Information Capacity of Full-Body Movements
Antti Oulasvirta (acm) (google)
If you’re going to remember one(?) thing:
A modern take of Fitts. Rather than just looking at distance to target, this paper looks at the information carrying capacity of movements. And applies this to areas as diverse as gestures and rehersed dance moves.
The problem of designing interfaces with full-body control is that the number of possible movements is too enormous to study empirically. Our solution is to ask a user to produce an overlearned motor act, such as signing one’s name, in each condition. The overlearned motor act is a surrogate for any complex movement that a user could produce with practice.
The user could express genuine information with two-hand interaction: Throughput was 182.7 bps with dominant hand removed, 217.8 bps with non-dominant hand removed, and 322.1 bps with both hands. Thus, bimanual gesturing genuinely increased TP from that of singlehanded gesturing.
Overview:
This method accommodates continuous movement of multiple limbs. Throughput (TP) is calculated as mutual information in repeated motor sequences. It is affected by the complexity of movements and the precision with which an actor reproduces them.
The new metric extends Fitts-TP metric by considering
• the shape of continuous trajectory as the source of information instead of target width and distance and
• the accuracy of the reproduced movement as the source of noise instead of end-point variation.
Moreover, the speed of performance affects the rate of information, as in Fitts-TP.
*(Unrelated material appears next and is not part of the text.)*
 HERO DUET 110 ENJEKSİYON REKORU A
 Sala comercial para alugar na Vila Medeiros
The metric allows researchers to examine any scenario wherein users’ motion can be represented as a sequence of vectors of movement features, from mouse movements to full-body motion. Naturally occurring movement can be analyzed, with the precondition that the data include matchable repetitions. The known extensions of Fitts’ law from discrete to continuous movements are predictive models of MT and do not carry an interpretation in information theory. Moreover, they are incapable of dealing with multi-feature arbitrary trajectories in 3D space.
Excerpts:
To assess joint human–computer performance, the “tempting but naïve” solution is to examine average speed and accuracy in a task. This approach, however, overlooks the fact that data from easy and from difficult motor acts are incommensurable. Information theory has contributed to the measurement of user performance in HCI by providing a metric that collapses data on speed and accuracy into a single metric: throughput.
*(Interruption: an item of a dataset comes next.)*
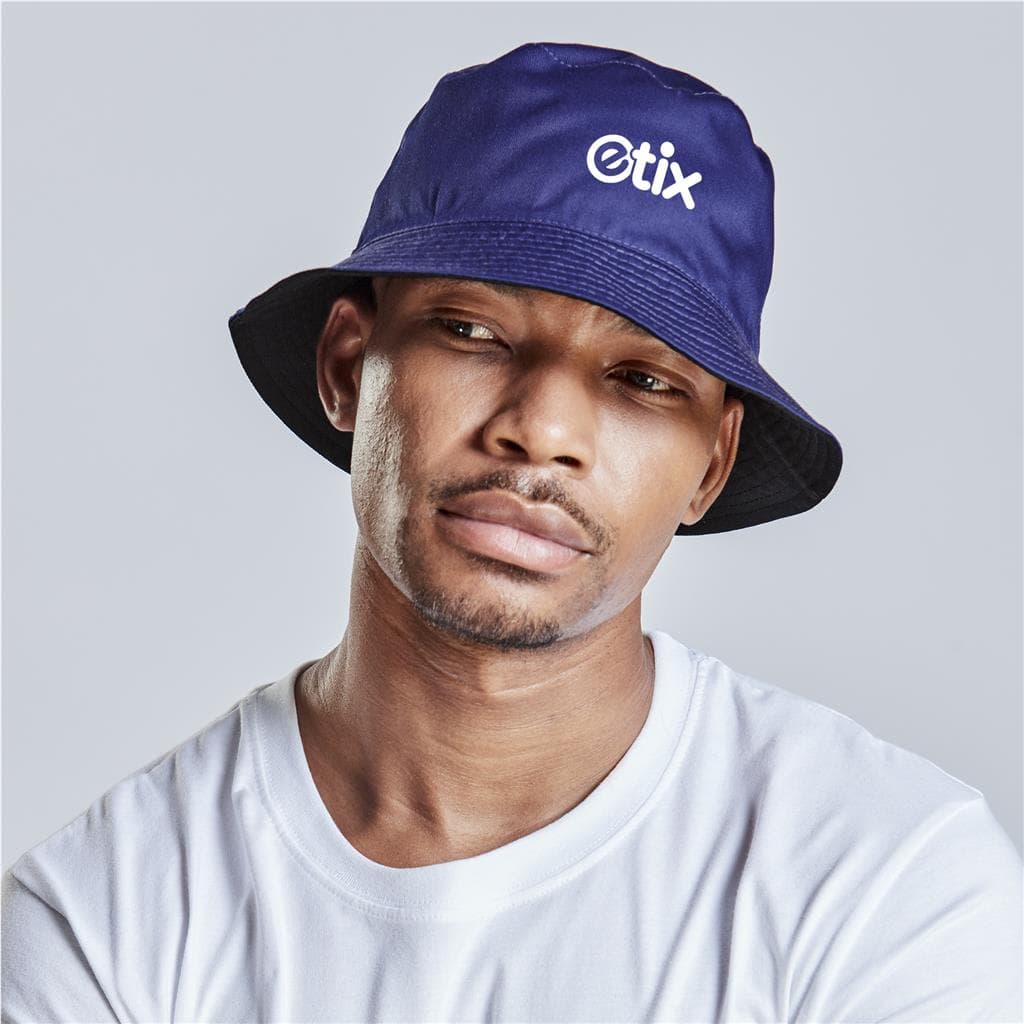 Urban Reversible Bucket Hat 4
Information capacity denotes the rate at which the user could have sent messages, given her speed and accuracy for given target properties. Selecting targets with the mouse, for instance, yields throughputs of 3.7–4.9 bps [17]. Although the metric has been contested, no better alternatives exist for comparing performance across tasks, conditions, and devices.
This paper extends the measurement of throughput from aimed movement to full-body movement—that is, multiple contributing limbs in continuous movement that does not need to be aimed at targets prescribed by an experimenter. In so-called configural movements, the goal is to produce a shape or pattern in movement.
We calculate throughput from mutual information of two or more deliberately repeated movement sequences. Our definition of mutual information captures the intuition that a skilled actor can produce complex (surprising) movements and reenact them precisely at will.
Analyzing precision in repeated efforts allows us to distinguish the controlled from uncontrolled aspects of movement. A newborn, for example, while able to produce complex-looking movements, does not have the capacity to reproduce them.
Since our I(x; y) excludes most of the uncontrolled movements and inaccuracies due to the actor’s inability to repeat the movement precisely, it provides a measure of the controlled information in x and y.
Extensions of Fitts’ law models to continuous aimed movements [1] covered only path width and length originally but were later extended to curvature [11]. However, to our understanding, these models have no interpretation in information theory.
Sometimes imposing constraints may lead to underestimation or overestimation of capacity, as in the case of sliding movements on a physical surface.
In handling of p-dimensional sequences, p > 1, where each time frame xt is composed of p measured movement features, it would be invalid simply to add up the information throughput of all of the features. For us to calculate the “genuine” capacity of the leg, any correlation in the movement of the knee and the calf must first be removed.
One drawback of the second-order autoregressive model is its short “memory”: a human observer can easily detect repeats in a movement, but the model considers each repetition as surprising as the first instance. However, when CTW was removed, TP fell by a factor of 6.7, to 43 bps. The actor’s high TP was achieved at the expense of accuracy in timing.
Furthermore, to understand which limbs are the best candidates for controlling an interface, we estimated limbs’ contribution to the capacity. We averaged raw TPs per movement feature across the dances. As the adjacent figure shows, the two hands and the right foot had the largest throughputs, all above 12 bps. Markers for the torso, head, and distal parts of the feet had far lower values. This analysis reveals a laterality effect (left vs. right hand) and that torso and leg movements may be less well-rehearsed and important aspects of the teacher’s dancing. An interface designer could use such information when mapping human movements to virtual controls.